### [PROBLEM DETAILS]
Every line from the one that contains "牙齿矫正图（牙齿矫正对颜值有多大影响）-第6张图片" to the end of the records must be restated word for word. No other line belongs in the answer.
[EXERCISE INPUT]
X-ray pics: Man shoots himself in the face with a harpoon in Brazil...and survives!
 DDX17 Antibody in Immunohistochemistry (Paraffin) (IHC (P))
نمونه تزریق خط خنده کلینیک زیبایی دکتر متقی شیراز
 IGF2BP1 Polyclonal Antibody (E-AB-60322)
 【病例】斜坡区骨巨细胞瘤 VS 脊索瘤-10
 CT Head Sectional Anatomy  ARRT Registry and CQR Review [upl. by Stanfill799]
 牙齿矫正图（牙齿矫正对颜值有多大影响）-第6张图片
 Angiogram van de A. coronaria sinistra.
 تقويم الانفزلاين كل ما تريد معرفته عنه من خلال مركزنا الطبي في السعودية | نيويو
[/EXERCISE INPUT]
### [RESPONSE TO THIS TASK]
 牙齿矫正图（牙齿矫正对颜值有多大影响）-第6张图片
 Angiogram van de A. coronaria sinistra.
 تقويم الانفزلاين كل ما تريد معرفته عنه من خلال مركزنا الطبي في السعودية | نيويو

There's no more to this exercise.